- ABOUT THIS EXERCISE: Your task is to transcribe exactly, and only, the lines running from the one with "And here's the" to the end of the listing below, inclusive, with every picture left out.

● ● ● ●

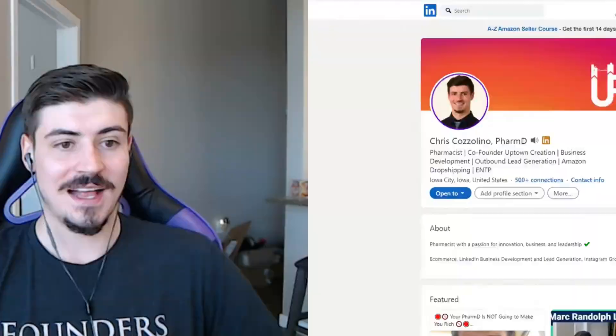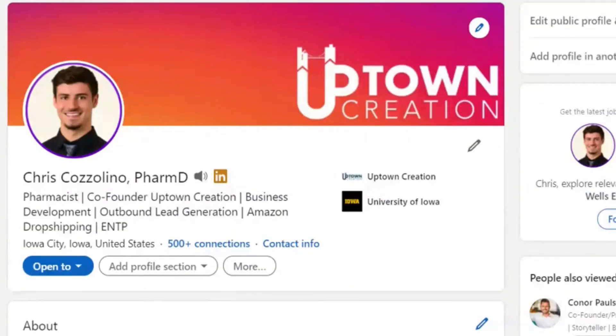Your LinkedIn Insight Tag — your Facebook pixel or Google Analytics of LinkedIn. My name is Chris Cozzolino and I am the co-founder and head of services at Uptown Creation, a B2B marketing and business development company.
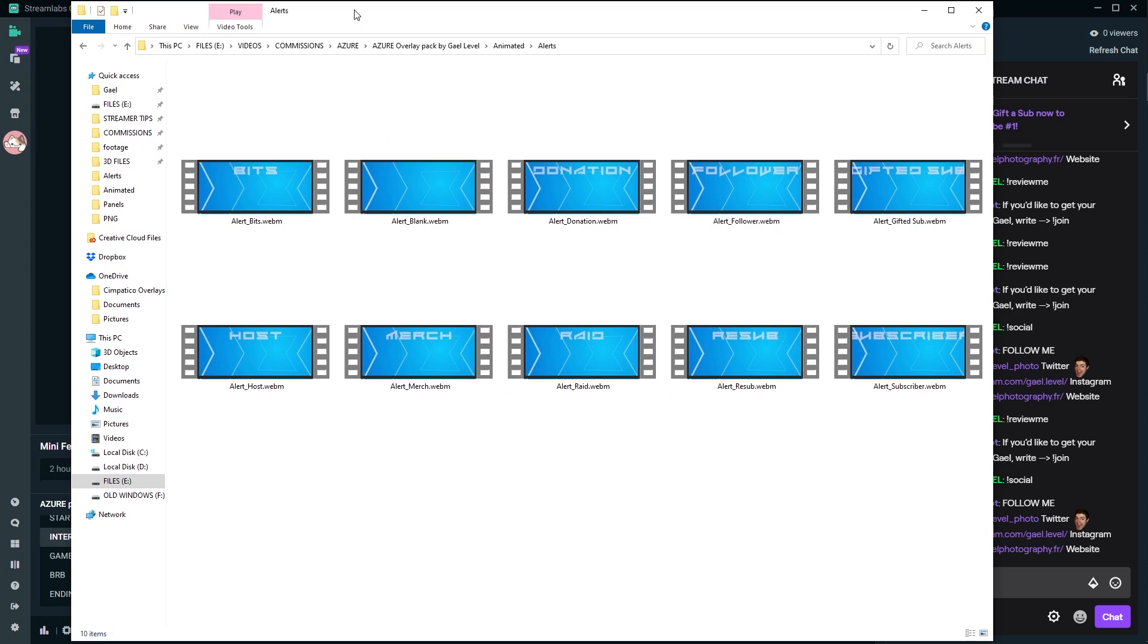Here when it comes to alerts, I actually included 10 different alert files. So we have bits, donation, follower, gifted sub, host, merch, raid, resub and subscriber. Plus a blank one in case you want to do some motion design. Just go for it. Just don't ask me to teach you how to do motion design.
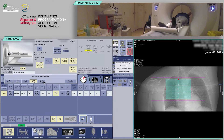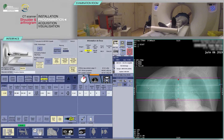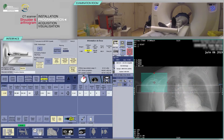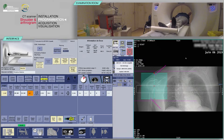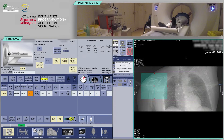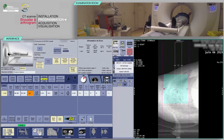Verify that the selected scan field is wide enough to cover the entire shoulder. Place your slices box on the AP localizer in such a way as to cover the shoulder from the upper edge of the clavicle superiorly to the upper third or proximal third of the humerus inferiorly. Then check to cover the entire shoulder on the lateral scout view.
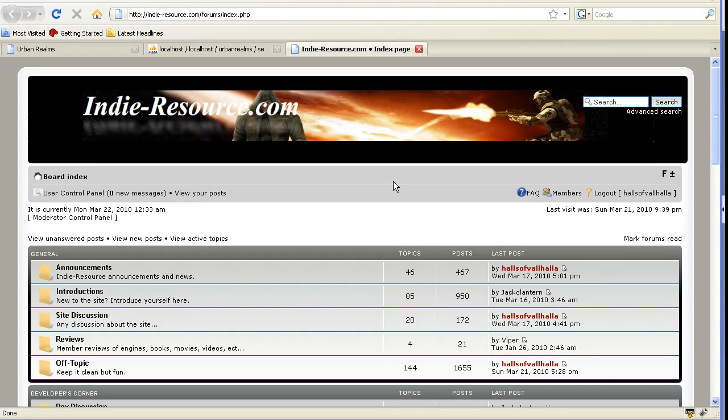But one thing important to remember is this game is not complete. It's not the greatest coding in the world. It's not a click a button, you've got yourself a game. I didn't build that for this. I built it to help everybody. You can use it freely. Just remember to be a part of the IndieResource community.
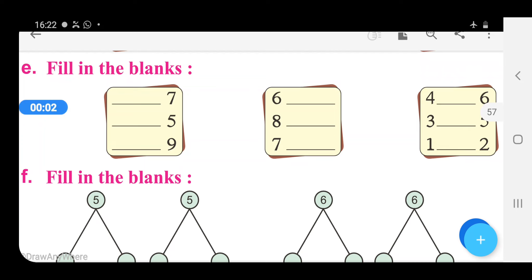Students, good morning. Now we will study your math subject of first class. Please open your books and open page number 51. Let's start from the part E. Fill in the blanks.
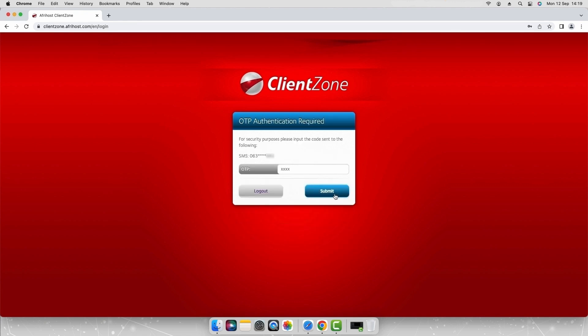If this is your first time logging into your client zone on this device you may receive an OTP via SMS. Enter the OTP number and select submit to log in.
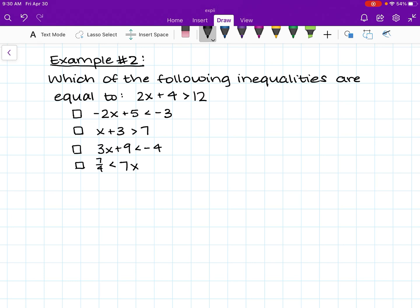This one is a little trickier, but we're going to follow pretty much the same method as we did for example number one. We are going to solve for the range of solutions for each of these inequalities, and the inequalities that have the same range of solutions are all going to be equivalent. So we are first going to solve for the range of solutions for this main inequality: 2x plus 4 is greater than 12.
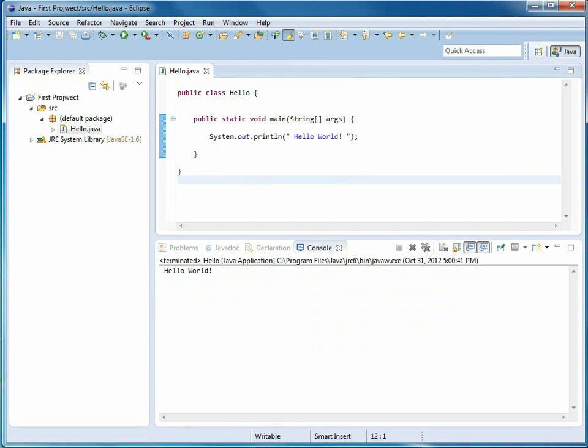And here's the console window that automatically appears down at the bottom. So what we know for sure, we have Eclipse installed and it's working to make a Java program.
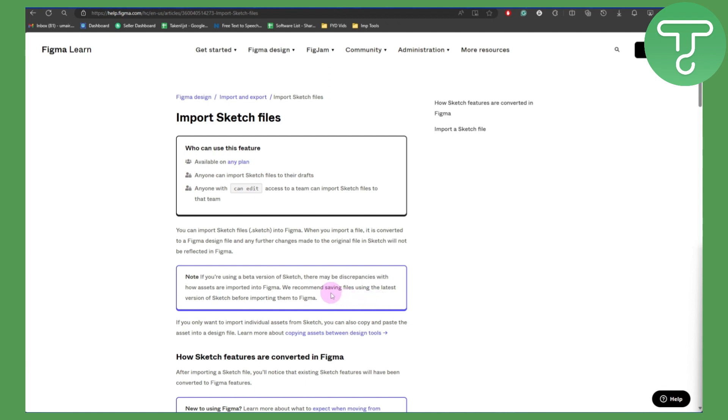If you only want to import individual assets from Sketch, you can also copy and paste the asset into a design file, and that can be brought to Figma.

● ● ● ●

- WRITTEN RESPONSE:
And here's the console window that automatically appears down at the bottom. So what we know for sure, we have Eclipse installed and it's working to make a Java program.
If you only want to import individual assets from Sketch, you can also copy and paste the asset into a design file, and that can be brought to Figma.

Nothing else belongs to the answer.